--- Activity ---
Transcribe exactly the lines from the one holding "2023 Vespa Primavera 50 Red" to the end of the data below, including both of those lines and no others.

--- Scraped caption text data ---
□ □ □ □

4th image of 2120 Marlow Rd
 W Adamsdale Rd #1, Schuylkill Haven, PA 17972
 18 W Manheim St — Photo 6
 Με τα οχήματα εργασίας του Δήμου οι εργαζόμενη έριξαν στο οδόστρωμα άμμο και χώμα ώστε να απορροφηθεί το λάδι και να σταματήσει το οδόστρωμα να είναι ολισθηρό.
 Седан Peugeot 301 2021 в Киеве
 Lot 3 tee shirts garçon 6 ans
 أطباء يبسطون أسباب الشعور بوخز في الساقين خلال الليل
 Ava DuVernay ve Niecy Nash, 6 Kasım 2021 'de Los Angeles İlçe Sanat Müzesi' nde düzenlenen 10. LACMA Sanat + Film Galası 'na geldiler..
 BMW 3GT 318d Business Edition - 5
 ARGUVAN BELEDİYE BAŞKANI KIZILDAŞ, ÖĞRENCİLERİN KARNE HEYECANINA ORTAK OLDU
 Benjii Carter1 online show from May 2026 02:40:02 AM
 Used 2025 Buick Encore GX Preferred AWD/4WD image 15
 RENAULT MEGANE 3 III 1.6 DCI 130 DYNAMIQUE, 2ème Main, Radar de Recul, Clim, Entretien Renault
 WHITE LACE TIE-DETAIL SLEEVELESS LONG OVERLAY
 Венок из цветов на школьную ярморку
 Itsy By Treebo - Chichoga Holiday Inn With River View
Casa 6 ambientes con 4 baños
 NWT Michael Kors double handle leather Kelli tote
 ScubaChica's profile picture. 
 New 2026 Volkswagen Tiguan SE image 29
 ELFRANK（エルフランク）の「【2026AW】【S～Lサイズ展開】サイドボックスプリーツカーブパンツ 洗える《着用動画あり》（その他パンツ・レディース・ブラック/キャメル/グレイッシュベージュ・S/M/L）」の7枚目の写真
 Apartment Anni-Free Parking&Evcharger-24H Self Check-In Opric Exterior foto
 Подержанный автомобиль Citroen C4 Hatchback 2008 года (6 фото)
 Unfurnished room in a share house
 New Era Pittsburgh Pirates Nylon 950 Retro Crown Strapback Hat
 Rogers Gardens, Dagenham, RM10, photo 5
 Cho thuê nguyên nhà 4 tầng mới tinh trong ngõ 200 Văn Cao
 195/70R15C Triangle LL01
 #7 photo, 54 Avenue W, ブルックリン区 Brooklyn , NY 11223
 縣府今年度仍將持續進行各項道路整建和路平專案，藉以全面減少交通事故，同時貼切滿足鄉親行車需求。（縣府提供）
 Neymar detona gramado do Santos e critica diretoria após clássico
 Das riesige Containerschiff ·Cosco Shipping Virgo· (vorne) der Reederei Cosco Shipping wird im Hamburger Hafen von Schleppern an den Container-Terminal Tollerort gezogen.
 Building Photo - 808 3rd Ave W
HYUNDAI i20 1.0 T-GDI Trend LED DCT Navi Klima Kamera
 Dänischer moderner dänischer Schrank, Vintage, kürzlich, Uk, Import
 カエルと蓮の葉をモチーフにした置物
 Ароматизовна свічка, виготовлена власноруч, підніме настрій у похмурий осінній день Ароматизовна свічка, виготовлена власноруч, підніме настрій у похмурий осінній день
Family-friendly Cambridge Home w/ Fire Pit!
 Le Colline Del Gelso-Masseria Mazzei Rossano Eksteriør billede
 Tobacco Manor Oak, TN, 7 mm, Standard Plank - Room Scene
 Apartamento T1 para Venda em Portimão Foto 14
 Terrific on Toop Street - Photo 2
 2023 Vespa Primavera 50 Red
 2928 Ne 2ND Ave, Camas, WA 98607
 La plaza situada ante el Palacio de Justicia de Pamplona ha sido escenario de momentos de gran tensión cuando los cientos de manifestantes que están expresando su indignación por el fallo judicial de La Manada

□ □ □ □

--- Answer area ---
 2023 Vespa Primavera 50 Red
 2928 Ne 2ND Ave, Camas, WA 98607
 La plaza situada ante el Palacio de Justicia de Pamplona ha sido escenario de momentos de gran tensión cuando los cientos de manifestantes que están expresando su indignación por el fallo judicial de La Manada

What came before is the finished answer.